Im regulären Betrieb nach Ende des Pilotprojektes soll sich jede Apotheke beteiligen können, die über die erforderliche EDV-Ausstattung verfügt. Auch eine Zusammenarbeit mit Kooperationen sei möglich, doch sei an eine Exklusivvereinbarung nicht zu denken. Kohl-Pharma arbeitet bereits in ihrem Kerngeschäft mit Einzelapotheken und mit Kooperationen zusammen und will dies selbstverständlich weiter betreiben.

Mögliche Probleme und Chancen

Da die Verblisterungsanlage etwa 400 verschiedene Arzneimittel verarbeiten kann, müssten sich die in das Konzept eingebundenen Ärzte auf diese Präparate festlegen und könnten jeden Wirkstoff stets von nur einem Hersteller verordnen. Hierauf hätten Vertreter der Ärzteschaft zuletzt durchaus positiv reagiert. Denn so wüssten sie im Gegensatz zur freien Substitution, welches Arzneimittel abgegeben wird.

Pharmazeutisch-technologische Probleme durch Interaktionen zwischen den verschiedenen Arzneimitteln innerhalb eines Blisterfaches befürchtet Geller angesichts der umfangreichen Erfahrungen aus anderen Ländern nicht. Denn die Lagerungszeit betrage maximal zwei Wochen, weil die in einer Woche gestellten Blister zum Verbrauch in der nächsten Woche bestimmt seien. Außerdem würden problematische Arzneimittel, beispielsweise mit hygroskopischen Stoffen, ausgeschlossen. Die Vorteile bezüglich der Compliance würden sich wesentlich stärker auswirken als irgendwelche Stabilitätsprobleme.

Insgesamt wird dieses Versorgungskonzept nach Einschätzung von Geller die Apotheker in ihrer pharmazeutischen Aufgabe und in ihrer Kernkompetenz stärken, da sie die Patienten individuell beraten und betreuen könnten. Die Apotheken erhielten so die Chance, alle Rezepte der jeweils beteiligten Patienten zu erhalten. Allerdings verändere sich die Leistung der Apotheken. Seiner Ansicht nach biete das Konzept Chancen für engagierte Apotheker, die die "gefühlten Risiken" überwiegen würden.

Rechtliche Hindernisse

Eines dieser Risiken ist die rechtliche Bewertung des Projektes. Kritiker betrachten die Verblisterung als möglicherweise zulassungspflichtige Herstellung. Doch geht Thilo Bauroth, Justitiar der Kohl-Pharma, davon aus, dass die gestellten Arzneimittel rechtlich als Rezepturen einzustufen sind. Angesichts des großen Investitionsvolumens für die Verblisterungsanlage könne hier eine Parallele zur Herstellung von Zytostatika gezogen werden, bei der die Herstellung außerhalb der abrechnenden Apotheke ebenfalls akzeptiert wird.
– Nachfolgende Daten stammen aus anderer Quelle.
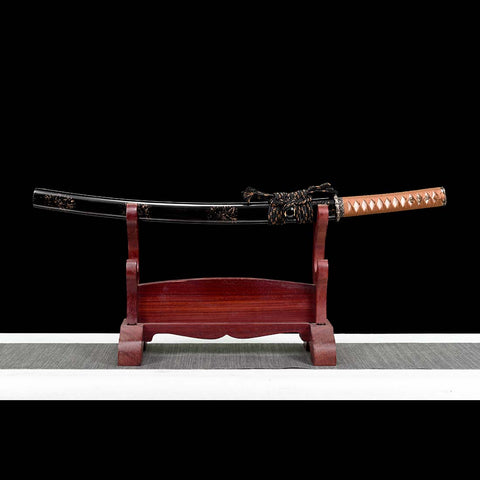 Hand Forged Japanese Wakizashi Sword Damascus Folded Steel Full Tang-COOLKATANA-SL-1300-U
Auch Lutz Tisch, Geschäftsführer der ABDA für Apotheken-, Arzneimittel- und Berufsrecht, interpretiert die Verblisterung als Rezeptur, sieht aber andere mögliche rechtliche Probleme. So würden die Apotheken nicht die eigentlich verordneten Packungen liefern, sondern stattdessen auseinzeln. Außerdem müssten die verordnenden Ärzte verfügen, wo die zu liefernden Arzneimittel verblistert werden, was möglicherweise als unzulässige Zuweisung interpretiert werden könne. So sei es teilweise fraglich, inwieweit das Konzept mit dem derzeit geltenden Recht vereinbar sei oder ob rechtliche Änderungen erforderlich wären.

Offene Fragen

Daher könnte der politische Wille zu etwaigen Rechtsänderungen eine große Bedeutung gewinnen. Diese Einschätzung steht nicht im Widerspruch zur Position der Kohl-Pharma, bei der auch von neuen vertraglichen Vereinbarungen mit den Krankenversicherungen und neuen Preisbildungsregeln gesprochen wird, die die angestrebte neue Honorierungsform auf der Grundlage von Wochenblistern überhaupt erst möglich machen würden. Denn die geltende Arzneimittelpreisverordnung sieht ein solches Konzept nicht vor. Eine solche Ergänzung der Preisbildungsregeln sollte aber nach Einschätzung von Jörg Geller ebenso möglich sein wie die grundlegende Änderung der Arzneimittelpreisverordnung zu Beginn dieses Jahres.

In diesem Systemwechsel sehen Kritiker jedoch das zentrale Problem des Konzeptes für die Apotheker. Das System der Arzneimittelversorgung und die Arzneimittelsicherheit beruhen in Deutschland wesentlich auf dem Konzept des Fertigarzneimittels. Das in anderen Ländern durchaus übliche Auseinzeln galt lange Zeit als Tabu. Die Verblisterung würde diese herausgehobene Stellung des Fertigarzneimittels beenden und damit vielfältige Fragen zur Arzneimittelsicherheit und zur Honorierung aufwerfen. Außerdem könnte es die Funktion der Apotheke in der Logistikkette verändern.